In Melbourne on Monday, on the eve of racing at the World Short-Course Swimming Championships, FINA Congress will reveal the global regulator’s new name before it votes on a series of landmark changes that form part of a proposed new constitution.
Let’s start with the good news:
- Starting at Paris 2024, a minimum of 40% (it’s just under by some calculation that I admit I cannot fathom and round up, life being too short… ) of the ruling Bureau (or board) must be women. Currently, less than 15% of the FINA Bureau members are women while the average percentage of women to be found at every level of the organisation is less than 20%
Bravo!
NB: a fine, long overdue move but one that comes with caveat emptor engraved in the small print.

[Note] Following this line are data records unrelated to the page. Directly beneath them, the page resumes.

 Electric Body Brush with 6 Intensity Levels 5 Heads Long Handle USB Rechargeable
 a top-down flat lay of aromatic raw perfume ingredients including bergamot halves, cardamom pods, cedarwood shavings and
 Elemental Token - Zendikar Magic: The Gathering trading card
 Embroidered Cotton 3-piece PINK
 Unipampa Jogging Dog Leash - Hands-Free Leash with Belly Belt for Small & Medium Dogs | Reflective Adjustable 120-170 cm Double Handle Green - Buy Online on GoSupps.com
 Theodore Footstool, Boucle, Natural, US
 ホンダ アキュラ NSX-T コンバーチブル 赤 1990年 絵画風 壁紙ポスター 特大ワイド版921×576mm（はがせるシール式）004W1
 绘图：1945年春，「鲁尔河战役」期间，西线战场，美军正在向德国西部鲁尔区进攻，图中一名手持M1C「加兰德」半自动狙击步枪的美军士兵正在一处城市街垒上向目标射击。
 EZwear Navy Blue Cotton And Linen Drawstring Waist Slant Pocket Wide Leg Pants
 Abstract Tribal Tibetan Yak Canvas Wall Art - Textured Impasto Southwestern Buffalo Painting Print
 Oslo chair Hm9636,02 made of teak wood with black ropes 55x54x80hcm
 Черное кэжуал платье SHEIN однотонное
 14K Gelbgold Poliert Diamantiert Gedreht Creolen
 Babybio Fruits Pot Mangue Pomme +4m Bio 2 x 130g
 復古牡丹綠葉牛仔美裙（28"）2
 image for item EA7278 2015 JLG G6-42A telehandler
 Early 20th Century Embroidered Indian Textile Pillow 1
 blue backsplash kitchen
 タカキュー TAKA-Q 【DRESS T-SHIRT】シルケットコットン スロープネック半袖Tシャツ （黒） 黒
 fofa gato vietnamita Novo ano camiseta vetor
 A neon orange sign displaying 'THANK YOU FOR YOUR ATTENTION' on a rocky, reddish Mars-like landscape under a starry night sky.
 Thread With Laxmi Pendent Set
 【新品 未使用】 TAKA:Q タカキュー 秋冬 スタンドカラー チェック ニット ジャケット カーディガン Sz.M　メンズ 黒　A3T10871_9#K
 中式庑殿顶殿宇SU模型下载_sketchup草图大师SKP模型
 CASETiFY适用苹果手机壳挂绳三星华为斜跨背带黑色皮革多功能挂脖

Its matters not a jot whether board members are men, women or Martians if the culture of the organisation is that of old FINA. If any member of the board does not feel able to object to a measure or practice being adopted because the price is right even though athletes, coaches and other stakeholders never consulted are shaking their heads and directing their thumbs to the ground, then that board, its culture and that board member is worthless when it comes to good governance.
- Honorary positions, which mean that former presidents of FINA Mustapha Larfaoui and Julio Maglione will no longer have a seat at the table they presided over for a combined 33 years. In addition, a new age limit of 75 will be introduced for all members, an age that Larfaoui and Maglione exceed by 15 and 12 years respectively as the last honoraries without honour that FINA, as FINA, will ever have.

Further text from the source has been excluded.